(Image-text web data)
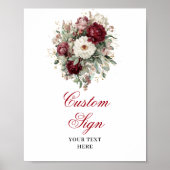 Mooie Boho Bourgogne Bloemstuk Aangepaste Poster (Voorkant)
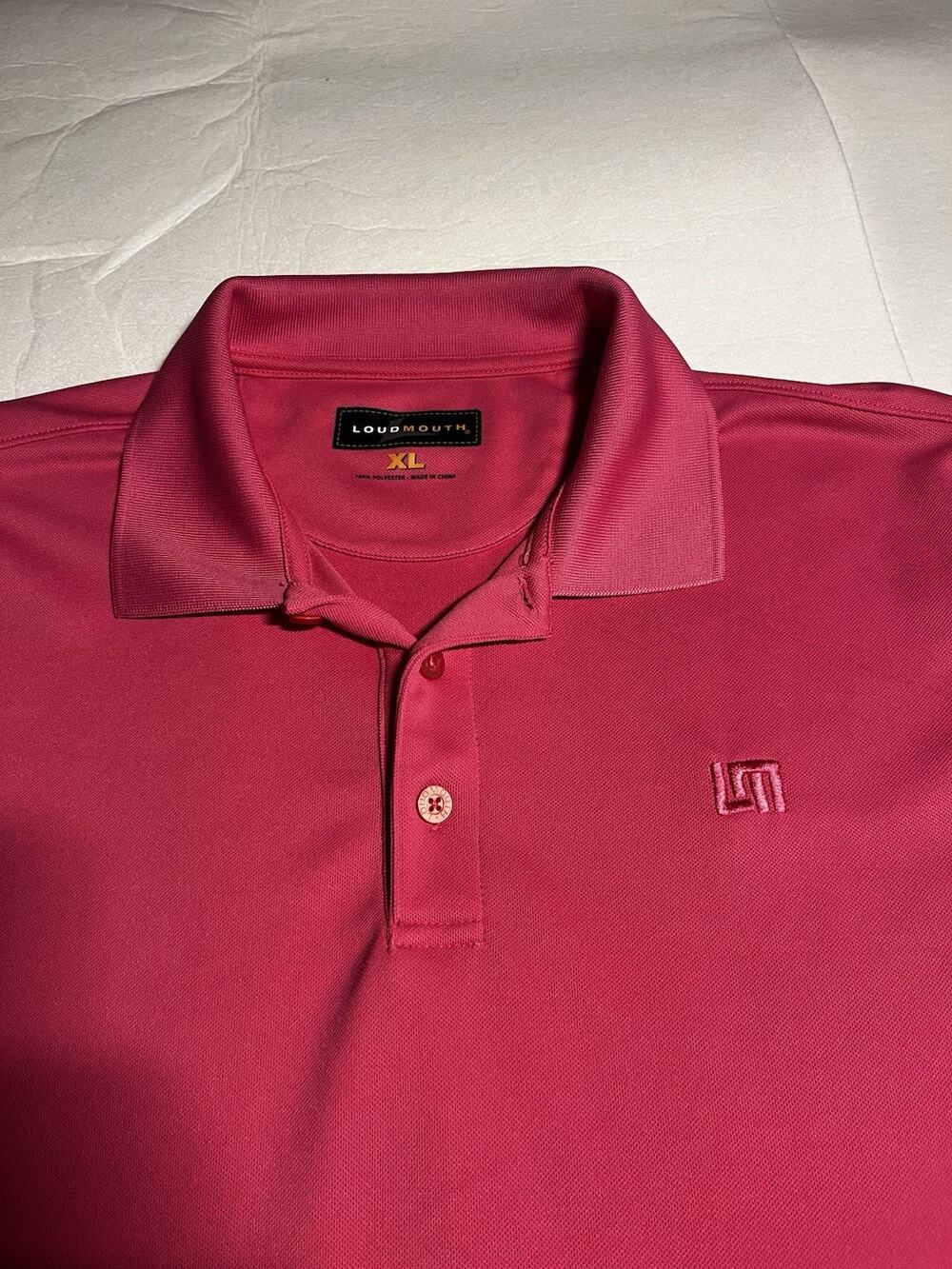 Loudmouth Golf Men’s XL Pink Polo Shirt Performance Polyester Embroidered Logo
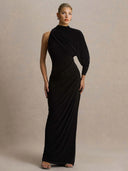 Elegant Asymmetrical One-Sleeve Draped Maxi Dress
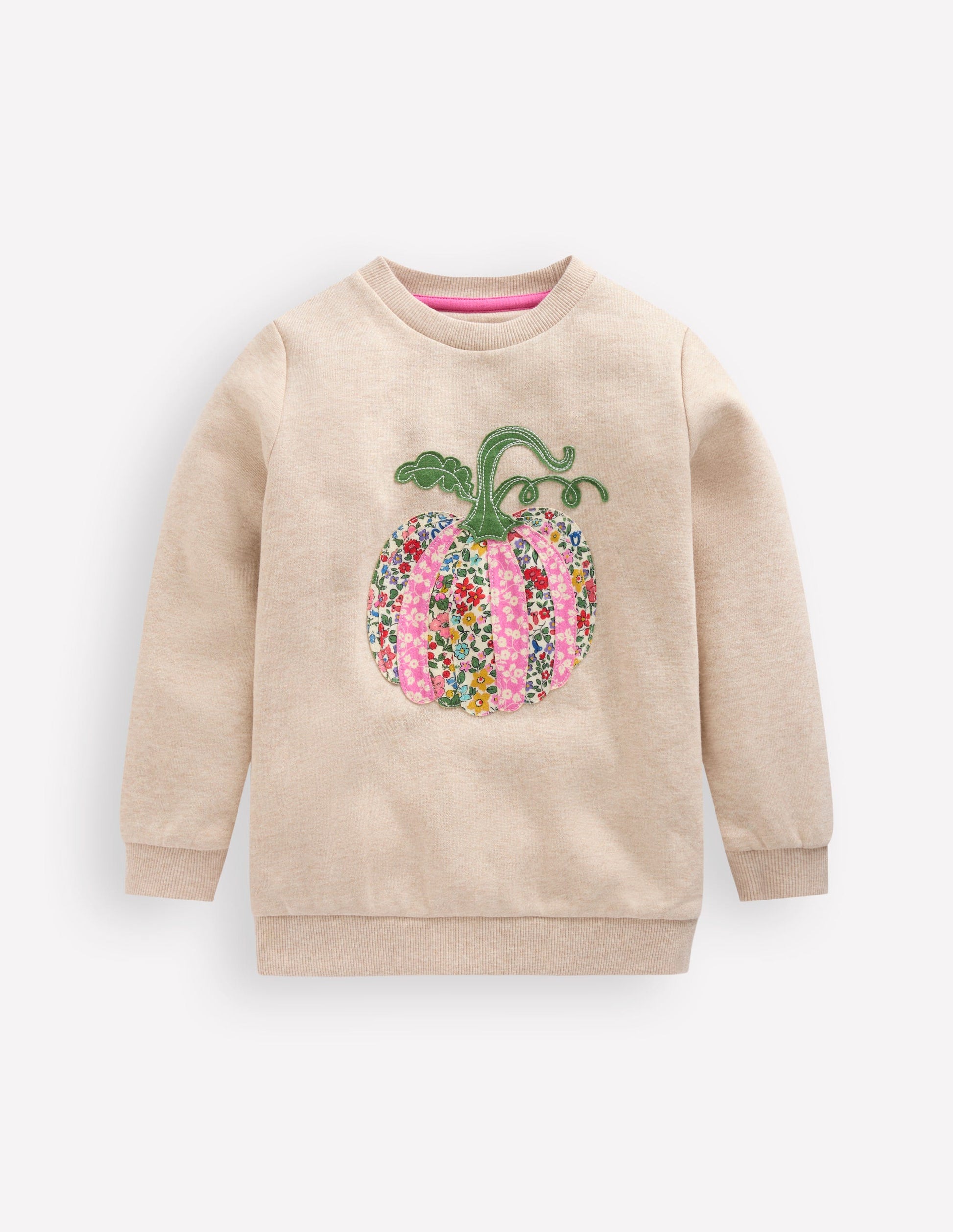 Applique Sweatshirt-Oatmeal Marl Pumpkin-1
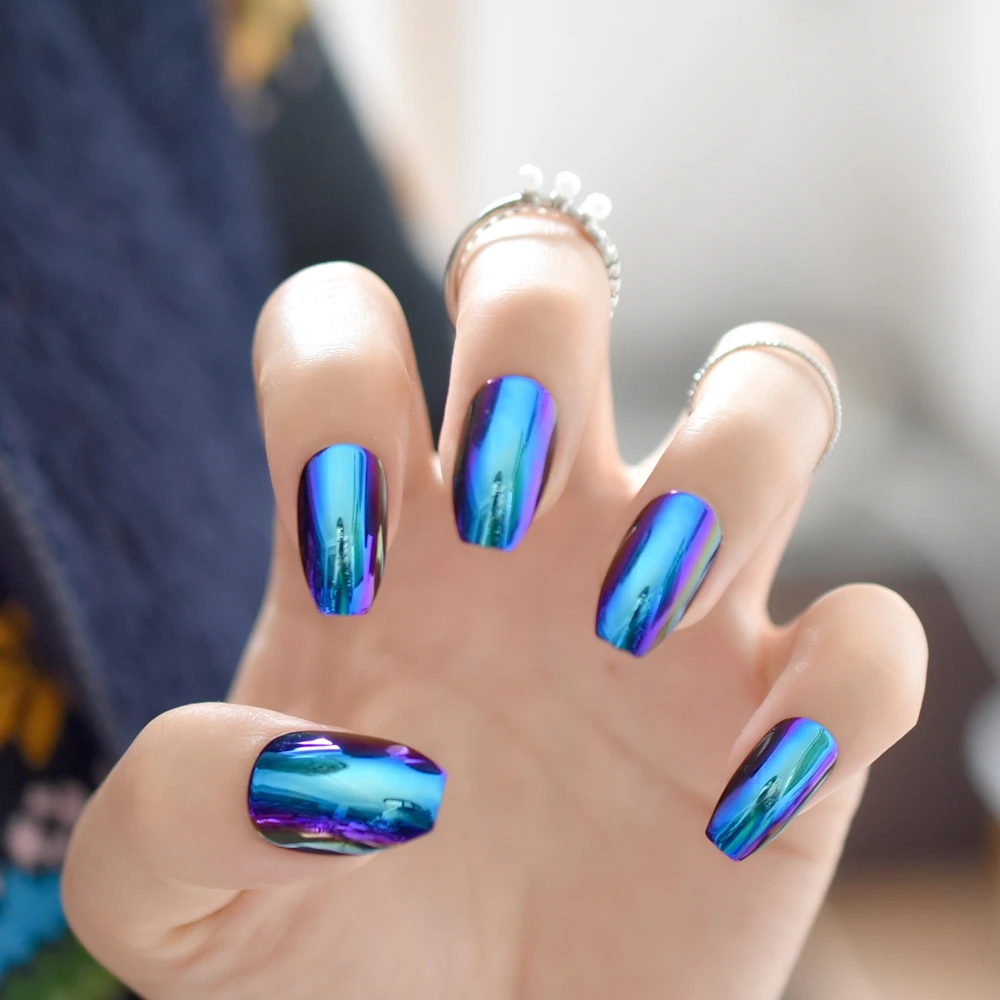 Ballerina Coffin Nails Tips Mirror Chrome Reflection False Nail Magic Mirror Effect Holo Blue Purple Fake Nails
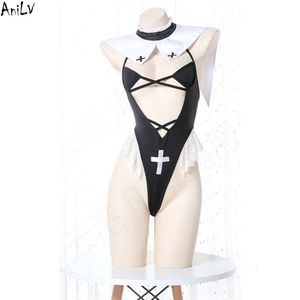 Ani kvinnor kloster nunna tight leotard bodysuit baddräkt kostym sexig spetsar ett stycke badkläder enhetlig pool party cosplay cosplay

* **THE PROBLEM**: Word for word, print out all of the records above; pass over the pictures.

* **RESPONSE BELOW**:
 Mooie Boho Bourgogne Bloemstuk Aangepaste Poster (Voorkant)
 Loudmouth Golf Men’s XL Pink Polo Shirt Performance Polyester Embroidered Logo
 Elegant Asymmetrical One-Sleeve Draped Maxi Dress
 Applique Sweatshirt-Oatmeal Marl Pumpkin-1
 Ballerina Coffin Nails Tips Mirror Chrome Reflection False Nail Magic Mirror Effect Holo Blue Purple Fake Nails
 Ani kvinnor kloster nunna tight leotard bodysuit baddräkt kostym sexig spetsar ett stycke badkläder enhetlig pool party cosplay cosplay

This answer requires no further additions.